Date: Wed Apr 01 2026 - 11:51:46 EST

On Wed, 01 Apr 2026 06:57:50 -0700 Breno Leitao <leitao@xxxxxxxxxx> wrote:

> vmstat_update uses round_jiffies_relative() when re-queuing itself,
> which aligns all CPUs' timers to the same second boundary. When many
> CPUs have pending PCP pages to drain, they all call decay_pcp_high() ->
> free_pcppages_bulk() simultaneously, serializing on zone->lock and
> hitting contention.
>
> Introduce vmstat_spread_delay() which distributes each CPU's
> vmstat_update evenly across the stat interval instead of aligning them.
>
> This does not increase the number of timer interrupts — each CPU still
> fires once per interval. The timers are simply staggered rather than
> aligned.
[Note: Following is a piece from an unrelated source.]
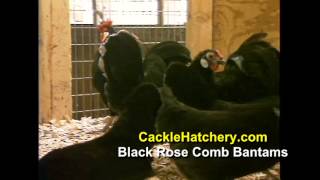 Black Rose Comb Bantam Breed Chicken (Breeder Flock)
Additionally, vmstat_work is DEFERRABLE_WORK, so it does not
> wake idle CPUs regardless of scheduling; the spread only affects CPUs
> that are already active
>
> `perf lock contention` shows 7.5x reduction in zone->lock contention
> (872 -> 117 contentions, 199ms -> 81ms total wait) on a 72-CPU aarch64
> system under memory pressure.
>
> Tested on a 72-CPU aarch64 system using stress-ng --vm to generate
> memory allocation bursts. Lock contention was measured with:
>
> perf lock contention -a -b -S free_pcppages_bulk
>
> Results with KASAN enabled:
>
> free_pcppages_bulk contention (KASAN):
> +--------------+----------+----------+
> | Metric | No fix | With fix |
> +--------------+----------+----------+
> | Contentions | 872 | 117 |
> | Total wait | 199.43ms | 80.76ms |
> | Max wait | 4.19ms | 35.76ms |
> +--------------+----------+----------+
>
> Results without KASAN:
>
> free_pcppages_bulk contention (no KASAN):
> +--------------+----------+----------+
> | Metric | No fix | With fix |
> +--------------+----------+----------+
> | Contentions | 240 | 133 |
> | Total wait | 34.01ms | 24.61ms |
> | Max wait | 965us | 1.35ms |
> +--------------+----------+----------+
>
> Signed-off-by: Breno Leitao <leitao@xxxxxxxxxx>
> ---
> mm/vmstat.c | 25 ++++++++++++++++++++++++-
> 1 file changed, 24 insertions(+), 1 deletion(-)
>
> diff --git a/mm/vmstat.c b/mm/vmstat.c
> index 2370c6fb1fcd..2e94bd765606 100644
> --- a/mm/vmstat.c
> +++ b/mm/vmstat.c
> @@ -2032,6 +2032,29 @@ static int vmstat_refresh(const struct ctl_table *table, int write,
> }
> #endif /* CONFIG_PROC_FS */
>
> +/*
> + * Return a per-cpu delay that spreads vmstat_update work across the stat
> + * interval. Without this, round_jiffies_relative() aligns every CPU's
> + * timer to the same second boundary, causing a thundering-herd on
> + * zone->lock when multiple CPUs drain PCP pages simultaneously via
> + * decay_pcp_high() -> free_pcppages_bulk().
> + */
> +static unsigned long vmstat_spread_delay(void)
> +{
> + unsigned long interval = sysctl_stat_interval;
> + unsigned int nr_cpus = num_online_cpus();
> +
> + if (nr_cpus <= 1)
> + return round_jiffies_relative(interval);
> +
> + /*
> + * Spread per-cpu vmstat work evenly across the interval. Don't
> + * use round_jiffies_relative() here -- it would snap every CPU
> + * back to the same second boundary, defeating the spread.
> + */
> + return interval + (interval * (smp_processor_id() % nr_cpus)) / nr_cpus;
> +}
> +
> static void vmstat_update(struct work_struct *w)
> {
> if (refresh_cpu_vm_stats(true)) {
> @@ -2042,7 +2065,7 @@ static void vmstat_update(struct work_struct *w)
> */
> queue_delayed_work_on(smp_processor_id(), mm_percpu_wq,
> this_cpu_ptr(&vmstat_work),
> - round_jiffies_relative(sysctl_stat_interval));
> + vmstat_spread_delay());

This is awesome! Maybe this needs to be done to vmstat_shepherd() as well?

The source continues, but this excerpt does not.